A horizontal platform is undergoing vertical S.H>M of time period T. A block of mass M is placed on the platform . The maximum mplitude of the platform so that the block is not detached form it is

To solve the problem, we need to determine the maximum amplitude \( A \) of the platform undergoing vertical simple harmonic motion (SHM) such that the block of mass \( M \) does not detach from the platform. ### Step-by-Step Solution: 1. **Understanding Forces Acting on the Block**: The block experiences two forces: the gravitational force acting downwards, \( Mg \), and the normal force \( N \) acting upwards from the platform.
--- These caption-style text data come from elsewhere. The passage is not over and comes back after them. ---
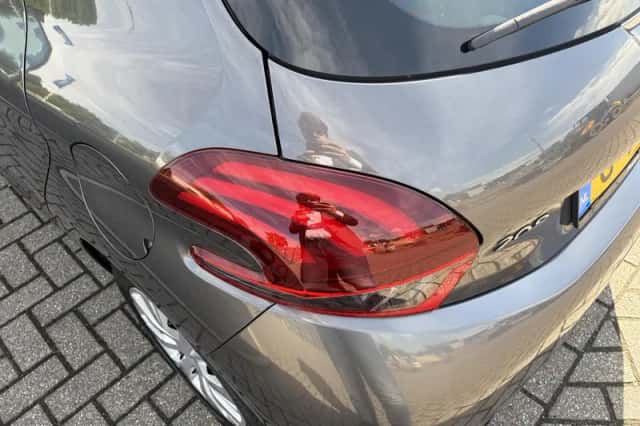 Peugeot 208 (2019) thumbnail 11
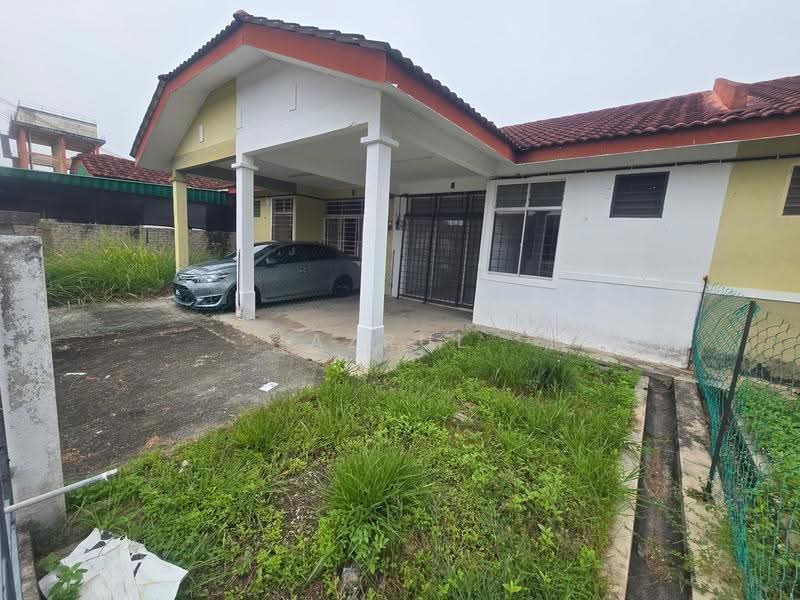 Rumah Teres 1-Tingkat untuk Dijual di Rantau (Negeri Sembilan) - Azrul Othman - Exterior - PropertyGuru.com.my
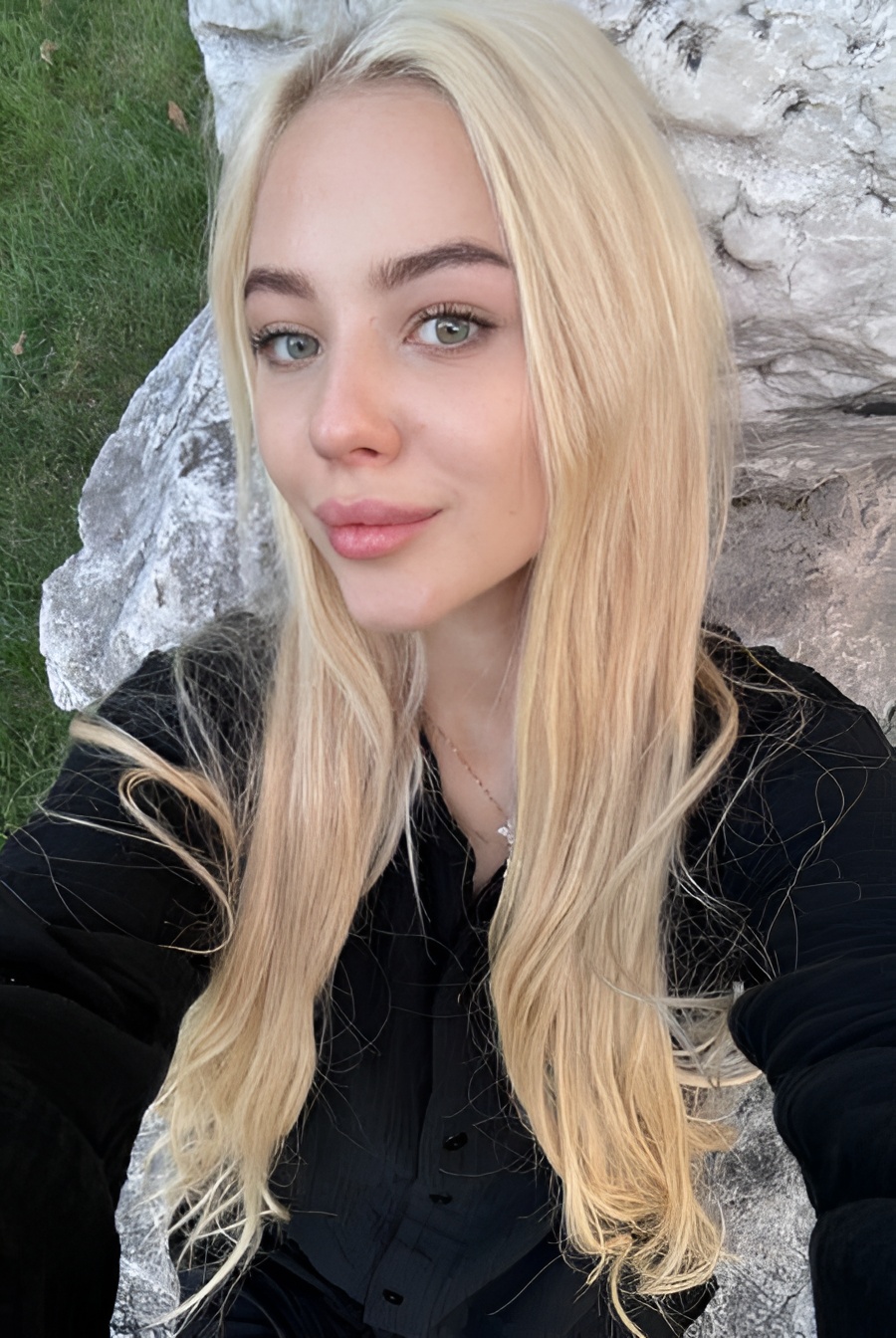 Индивидуалка Лера, доступна для личного знакомства от 18000 руб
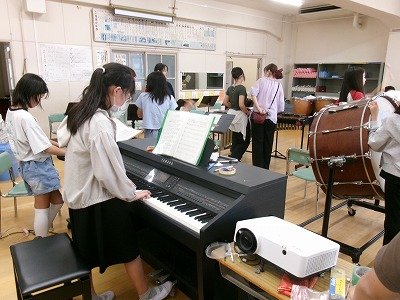 190_1684.jpg
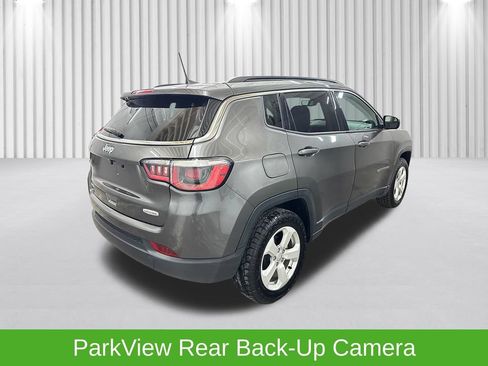 Used 2019 Jeep Compass Latitude w/ Popular Equipment Group AWD/4WD image 8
The block will not detach from the platform as long as the normal force \( N \) is greater than or equal to zero. 2. **Applying Newton's Second Law**: According to Newton's second law, the net force acting on the block in the vertical direction can be expressed as: \[ N - Mg = Ma \] where \( a \) is the acceleration of the block due to the SHM of the platform. 3. **Acceleration of the Platform**: The acceleration \( a \) of the platform can be expressed in terms of the amplitude \( A \) and angular frequency \( \omega \): \[ a = -\omega^2 A \sin(\omega t) \] Here, \( \omega = \frac{2\pi}{T} \), where \( T \) is the time period of the SHM. 4. **Substituting Acceleration into the Force Equation**: Substituting the expression for \( a \) into the force equation gives: \[ N - Mg = -M\omega^2 A \sin(\omega t) \] Rearranging this, we find: \[ N = Mg - M\omega^2 A \sin(\omega t) \] 5. **Condition for the Block to Remain in Contact**: For the block to remain in contact with the platform, the normal force \( N \) must be greater than or equal to zero: \[ Mg - M\omega^2 A \sin(\omega t) \geq 0 \] This simplifies to: \[ g \geq \omega^2 A \sin(\omega t) \] 6. **Finding Maximum Value of Sine Function**: The maximum value of \( \sin(\omega t) \) is 1. Therefore, we can write: \[ g \geq \omega^2 A \] Rearranging this gives: \[ A \leq \frac{g}{\omega^2} \] 7. **Substituting for Angular Frequency**: Since \( \omega = \frac{2\pi}{T} \), we have: \[ \omega^2 = \left(\frac{2\pi}{T}\right)^2 = \frac{4\pi^2}{T^2} \] Substituting this into the inequality gives: \[ A \leq \frac{g T^2}{4\pi^2} \] 8. **Conclusion**: Therefore, the maximum amplitude \( A \) of the platform so that the block does not detach from it is: \[ A = \frac{g T^2}{4\pi^2} \] ### Final Answer: The maximum amplitude of the platform so that the block is not detached from it is \( A = \frac{g T^2}{4\pi^2} \).